L'exil de Freud - crédits : Keystone/ Getty Images

L'exil de Freud

Cet ouvrage de Sigmund Freud fut publié en 1939 simultanément en allemand à Amsterdam sous le titre Der Mann Moses und die monotheistische Religion. Drei Abhandlungen, et à Londres en anglais, traduit par Katherine Jones sous le titre Moses and Monotheism. Livre de l'exil, il paraît quelques mois avant la mort de Freud et s'inscrit dans la suite logique de Totem et Tabou qu'il approfondit et complète : ce qui fait la force d'une religion, ce n'est pas sa vérité matérielle mais sa vérité historique ; c'est le retour du refoulé qui confère à toute religion sa puissance contraignante ; les processus qui opèrent sur les peuples sont analogues à ceux qui opèrent sur la subjectivité individuelle, la formation d'une religion étant analogue à celle d'une névrose.

Élaboration

Le 30 septembre 1934 Freud annonce à Arnold Zweig qu'il a écrit quelque chose qui l'a tellement occupé que tout le reste est passé au second plan : «  En face des nouvelles persécutions, on se demande de nouveau comment le Juif est devenu ce qu'il est et pourquoi il s'est attiré cette haine éternelle. Je trouvais bientôt la formule. Moïse a créé le Juif... » Mais ce texte est destiné à rester secret. Freud pense en effet que sa publication pourrait ébranler l'Église autrichienne, dernier rempart à ses yeux contre le nazisme, et risque de provoquer une interdiction de la psychanalyse à Vienne. Mais ce travail va le poursuivre comme une âme en peine. Il fera l'objet de diverses réécritures et de deux publications partielles dans la revue Imago en 1937 : « Moïse, un Égyptien ? » et « Si Moïse fut un Égyptien ». Exilé à Londres en 1938, Freud réélabore la partie la plus importante de son travail, « Moïse, son peuple et la religion monothéiste », et publie l'ensemble des trois textes sous le titre L'Homme Moïse et la religion monothéiste. Trois essais.

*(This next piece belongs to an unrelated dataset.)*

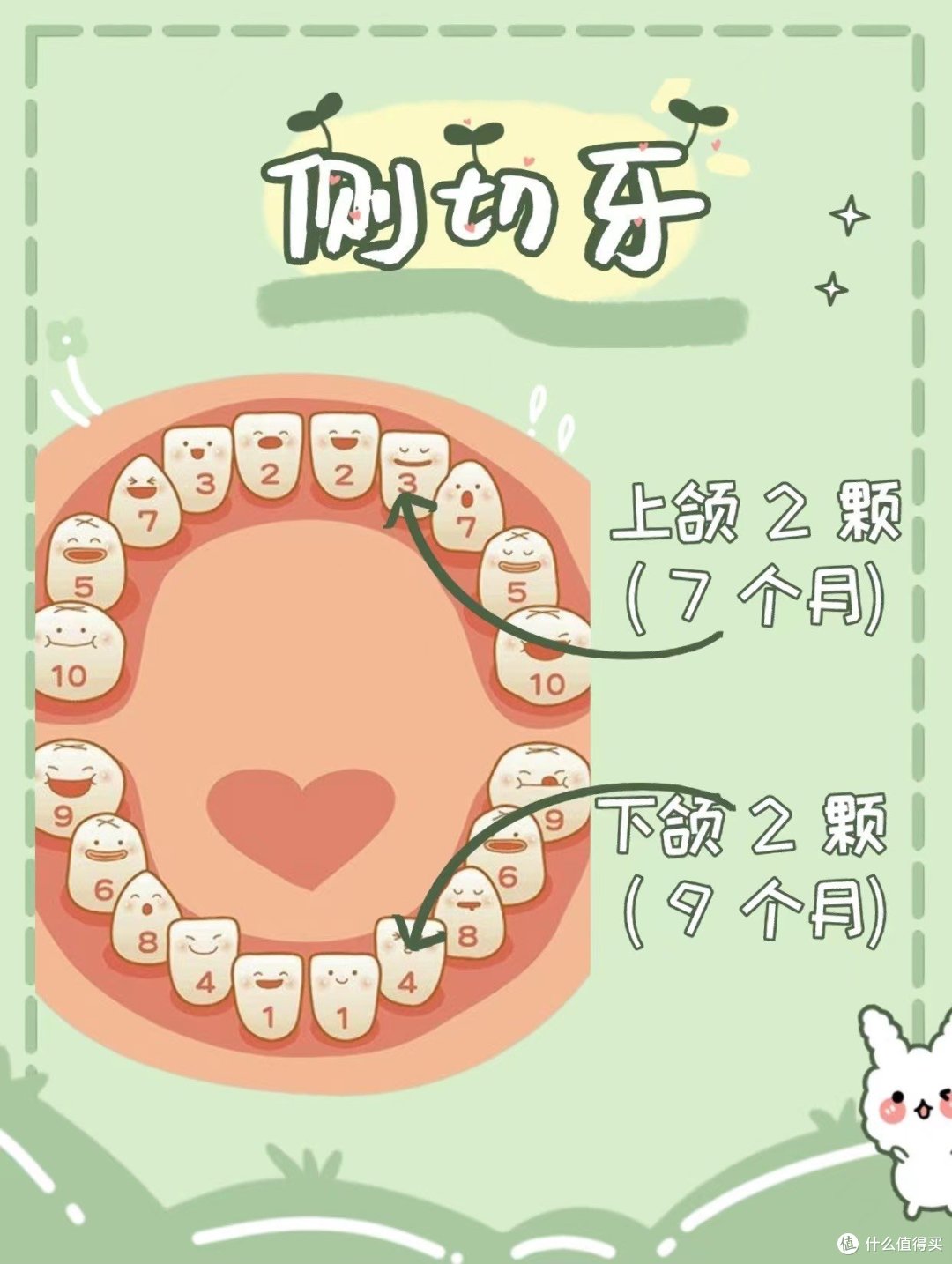 宝宝的出芽顺序你知道吗?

La construction freudienne de la préhistoire du peuple juif prend appui sur les travaux des historiens – et en particulier sur ceux d'Ernst Sellin, historien spécialiste de la Bible appartenant à l'école exégétique allemande, qui avançait que Moïse avait été assassiné au cours d'un soulèvement de son peuple –, mais aussi sur le texte biblique marqué de contradictions, d'illogismes et de lacunes, qui sont pour l'analyste Freud autant de traces d'éléments censurés à reconstruire. Il avance ses hypothèses pas à pas ; entre doutes et certitudes, entre contradictions et répétitions, le texte freudien trace un chemin prudent et rigoureux. Le meurtre de Moïse et son désaveu sont la pièce principale de la construction freudienne : événement traumatique, ce meurtre provoque le refoulement de l'enseignement de Moïse qui va ensuite peu à peu faire retour ; son désaveu constitue, selon Freud, l'une des racines de l'antisémitisme. Freud fait l'hypothèse d'une fondation en trois temps de la religion juive : après la mort d'Akhenaton, Moïse, un Égyptien de haut rang, fuit l'Égypte avec des tribus sémites auxquelles il transmet la religion monothéiste et hautement spiritualisée d'Aton. Environ deux générations après le meurtre de Moïse, ces tribus s'unissent à d'autres et adoptent, selon les historiens contemporains de Freud, la religion polythéiste et barbare de Yahvé, démon des volcans. Mais la doctrine mosaïque refoulée fera retour au cours des siècles par la voix des prophètes et s'imposera au peuple.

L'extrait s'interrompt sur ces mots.